MomSense, have no fear, while the beds might have been weed free early on, the evil thistle has gone wild. Lots of extra work coming up next year because of stuff I couldn’t do this year. Anyone who wants to help, there’s free room and board and plenty of porch time to admire your work. :-)
For anyone who is inspired by the Windflowers, you might consider ordering from ColorBlends. Windflower bulbs come in packs of 100 — what you see in the photo was 100 bulbs. They are so tiny, you can plant multiple bulbs in each hole. h/t to satby for the original ColorBlends recommendation.
I remember the “random empty spaces” thread, but that wasn’t me.
Happy Sunday! (I can say that because I woke up too late to even check a single bit of news.)
Kay
@Immanentize:
They’ve gotten older and smarter so they don’t do this anymore, but he has this unbearably smug friend “Mack” who likes and plays old music, which he thinks is very edgy. So Mack would play something like Johnny Cash and look at me and say “Johnny Cash”. I know Mack. Everyone knows.
J R in WV
@Le Comte de Monte Cristo, fka Edmund Dantes:
Wow! Sounds like quite an adventure! I thot we were adventurous going to Baja California, but we stayed at lux resort and on summer camp cruise ship, but with a bar. Not so very adventure compared to chickens and goats international airport !!
Kalahari desert, Bushmen, Big Five in the wild… just too cool. Safari. Maybe on your photo sets you could mention who you arranged your travel with? I’d love to do that with a group someone I know has done it before successfully. If you know what i mean…
WaterGirl: Nice flowers! our wildflowers have to trek out of the wild woods into the beds… you would be surprised how many do just that over the years.
opiejeanne
@satby: The raccoons or maybe a bear? took care of the very large hornets nest in our cedar a couple of months ago. My husband just never remembered to take care of it so I was grateful to whichever critter knocked it down and tore it apart, and ate the larvae.
https://flic.kr/p/28BwgeT
opiejeanne
@Immanentize: If you’re in a climate where it freezes, cut your roses back and mulch them heavily, enough to bury the graft with about 3″ of mulch.
satby
@opiejeanne: yeow!
opiejeanne
@WaterGirl: Beautiful garden and thanks for the tip.

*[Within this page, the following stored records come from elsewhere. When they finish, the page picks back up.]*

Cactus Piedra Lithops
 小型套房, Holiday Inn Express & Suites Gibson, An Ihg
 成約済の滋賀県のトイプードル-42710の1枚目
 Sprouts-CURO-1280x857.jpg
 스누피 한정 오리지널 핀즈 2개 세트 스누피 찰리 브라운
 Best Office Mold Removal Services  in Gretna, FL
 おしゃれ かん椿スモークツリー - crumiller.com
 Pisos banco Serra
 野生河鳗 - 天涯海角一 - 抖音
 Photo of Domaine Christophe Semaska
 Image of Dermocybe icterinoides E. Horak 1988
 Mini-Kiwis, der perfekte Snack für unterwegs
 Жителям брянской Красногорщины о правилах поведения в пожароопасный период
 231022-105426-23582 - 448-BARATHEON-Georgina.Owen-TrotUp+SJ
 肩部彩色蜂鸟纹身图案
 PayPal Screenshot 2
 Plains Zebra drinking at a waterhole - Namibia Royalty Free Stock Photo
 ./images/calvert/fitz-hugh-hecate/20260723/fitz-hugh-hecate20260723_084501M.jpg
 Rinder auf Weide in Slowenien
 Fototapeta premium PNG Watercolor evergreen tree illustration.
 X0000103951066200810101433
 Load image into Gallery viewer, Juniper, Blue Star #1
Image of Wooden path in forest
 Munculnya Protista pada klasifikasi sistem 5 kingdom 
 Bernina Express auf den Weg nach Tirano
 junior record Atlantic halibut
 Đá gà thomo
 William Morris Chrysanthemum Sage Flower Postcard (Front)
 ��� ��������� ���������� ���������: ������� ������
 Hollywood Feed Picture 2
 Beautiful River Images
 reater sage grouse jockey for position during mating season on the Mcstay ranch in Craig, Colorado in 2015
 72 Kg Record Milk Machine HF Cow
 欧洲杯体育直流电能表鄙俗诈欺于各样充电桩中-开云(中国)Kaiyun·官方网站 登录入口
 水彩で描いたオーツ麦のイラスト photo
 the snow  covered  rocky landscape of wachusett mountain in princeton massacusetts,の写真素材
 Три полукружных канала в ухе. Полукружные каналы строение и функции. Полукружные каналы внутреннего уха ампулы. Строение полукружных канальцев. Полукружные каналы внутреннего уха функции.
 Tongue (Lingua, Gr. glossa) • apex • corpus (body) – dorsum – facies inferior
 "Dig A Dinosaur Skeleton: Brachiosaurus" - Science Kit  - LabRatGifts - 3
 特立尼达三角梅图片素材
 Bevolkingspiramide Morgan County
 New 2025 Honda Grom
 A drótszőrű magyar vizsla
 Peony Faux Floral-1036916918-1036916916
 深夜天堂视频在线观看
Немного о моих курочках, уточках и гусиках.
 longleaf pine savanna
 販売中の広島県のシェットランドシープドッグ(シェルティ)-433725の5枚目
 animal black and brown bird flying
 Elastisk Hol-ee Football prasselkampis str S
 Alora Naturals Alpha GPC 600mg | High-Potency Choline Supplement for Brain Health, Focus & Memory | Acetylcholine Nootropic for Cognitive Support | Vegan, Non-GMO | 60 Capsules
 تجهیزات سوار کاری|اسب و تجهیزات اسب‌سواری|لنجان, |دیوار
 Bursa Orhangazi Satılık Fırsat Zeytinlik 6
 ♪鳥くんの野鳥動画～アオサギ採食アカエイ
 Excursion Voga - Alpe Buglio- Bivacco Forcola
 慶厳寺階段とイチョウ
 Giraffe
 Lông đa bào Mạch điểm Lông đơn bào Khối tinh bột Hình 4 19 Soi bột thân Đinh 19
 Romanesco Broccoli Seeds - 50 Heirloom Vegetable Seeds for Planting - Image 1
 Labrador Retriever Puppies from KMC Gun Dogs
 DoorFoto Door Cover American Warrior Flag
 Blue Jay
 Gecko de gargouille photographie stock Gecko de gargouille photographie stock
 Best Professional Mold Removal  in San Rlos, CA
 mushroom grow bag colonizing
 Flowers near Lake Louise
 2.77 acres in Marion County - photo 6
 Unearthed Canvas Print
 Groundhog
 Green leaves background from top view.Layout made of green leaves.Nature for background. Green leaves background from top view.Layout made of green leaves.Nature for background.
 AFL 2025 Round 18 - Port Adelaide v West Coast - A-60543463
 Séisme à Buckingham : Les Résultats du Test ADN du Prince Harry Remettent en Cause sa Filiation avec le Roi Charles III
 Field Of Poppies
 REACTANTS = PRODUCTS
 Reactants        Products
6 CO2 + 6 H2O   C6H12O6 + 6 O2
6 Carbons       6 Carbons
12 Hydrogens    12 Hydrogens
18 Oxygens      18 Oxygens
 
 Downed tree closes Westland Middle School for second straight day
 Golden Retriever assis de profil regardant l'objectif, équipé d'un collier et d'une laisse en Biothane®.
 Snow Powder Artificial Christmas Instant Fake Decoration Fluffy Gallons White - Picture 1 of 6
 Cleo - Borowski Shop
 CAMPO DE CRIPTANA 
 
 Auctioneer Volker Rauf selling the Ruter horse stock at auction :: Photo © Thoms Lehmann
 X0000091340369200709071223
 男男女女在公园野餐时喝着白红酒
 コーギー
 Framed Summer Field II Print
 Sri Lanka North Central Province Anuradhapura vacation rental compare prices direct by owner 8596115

I’ll check on that bulb source for next year’s garden.
It’s just about too late this year to plant anything because I’m still not enough of a Washingtonian yet, not enough moss on me, and I get too cold trying to garden once the weather shifts like it has. It’s 50 right now but there’s no sun. Yes, I am a sissy.
opiejeanne
@satby: It was a cool-looking thing, not even 7 feet off the ground. I wanted him to spray it after dark and then bag it but he was reluctant and I didn’t push. We came outside one morning and it was torn to shreds and dragged all over the garden. We had a bear in the neighborhood about then so I figured that’s who had gotten it. It could have been a raccoon but he would have fallen out of the tree with it, the branch it was hanging from was so tiny.
debbie
@opiejeanne:
I use wasp/hornet spray to kill cave crickets. I’ve noticed that most of the bottles of spray I get don’t come close to spraying 20 feet away, like they claim it will. I wouldn’t depend on a spray in your situation.